Other than the Formula 1 team, Honda hasn’t gone on a drunken buying spree, but it has made investments as mind-bogglingly irrelevant as the General’s purchasing pandemonium. Do any of you really believe anthropomorphic robots are part and parcel of Honda’s future viability? And the less said about the HondaJet, the better. If you believe that ASIMO and the HA-420 are vital to the future of Honda Motor Company, you should think again. They are both just more noise in the system that further distracts Honda from its significant problems at hand.
This is the stage when things get really messy and the downturn in core business steepens. When a new venture (the design and manufacture of air-interceptor missiles, development of a nascent human-style robot, or whatever) doesn’t provide the expected corporate uplift, the best minds are transferred from their actual fields of expertise to the new, high-profile operations. This further weakens a company’s core business and makes recovery even more difficult. Over the past decade, this has manifested itself at Honda within the planning department. Populated with individuals who have little real understanding of, sensitivity to, or connection with product, the department concocts customer abstracts so interchangeable business drones can comprehend the intent of a new vehicle. In the case of the first-generation RDX, this abstract was “Jason,” a young, upwardly mobile, urban-residing male that needed a turbocharged engine, “Super Handling All-Wheel Drive,” and room to transport all his lifestyle accouterments. Yeah, okay. As it turned out, there weren’t many “Jasons” buying the RDX. Planning got that part wrong—really wrong. The idea that product knowledge, sensitivity, and a comprehension of the new-vehicle market can be abstracted into the form of bullet-pointed nonexistent customers is, frankly, insane. The methodology is doubly destructive as it rewards the ability to devise synthetic buyers while purging real car or truck knowledge and insight from the planning function. The damage from this kind of product generation continues up through the organization by allowing management, with no more awareness of the market than a grapefruit, to make billion-dollar product decisions with minimal deleterious career consequences. At GM, this kind of planning gave us the 1997 Chevrolet Malibu. At Honda, it explains many of the new Civic’s shortcomings.
5) Capitulation to Irrelevance or Death
While General Motors never was able to pull out of its economic tailspin, Honda doesn’t have to experience Stage 5. In How the Mighty Fall, author Collins writes, “Decline can be avoided. Decline can be detected. Decline can be reversed.” But the company has to understand—no, believe—that its viability is on the line, and what might seem to be a minor issue could turn out to be a make-or-break turning point for its continued operation.
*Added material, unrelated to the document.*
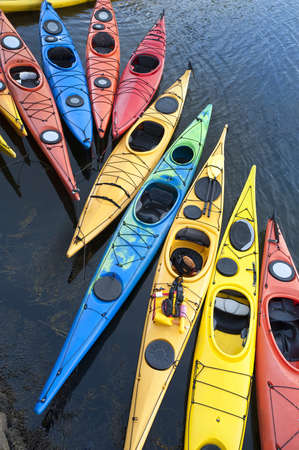Colorful fiberglass kayaks tethered to a dock as seen from aboveの写真素材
Honda’s problems ultimately aren’t engineering problems. They aren’t manufacturing problems or product problems, either. Those are just manifestations of the real issue. Honda’s problems are management problems. The past two decades have seen Honda devolve into an American car company headquartered in Minato, Tokyo, Japan. Drunk on North American profits, the company has performed horribly in the troubled Japanese domestic market, it has been unable to get any significant traction in Europe, and is a non-player in much of South America.
Let there be no doubt, Honda still is a viable business. But every new product that doesn’t match up to its predecessor siphons off a bit of the company’s strength. Each wrong move places the firm one step farther down the same path walked by GM from January 1981 until June 2009.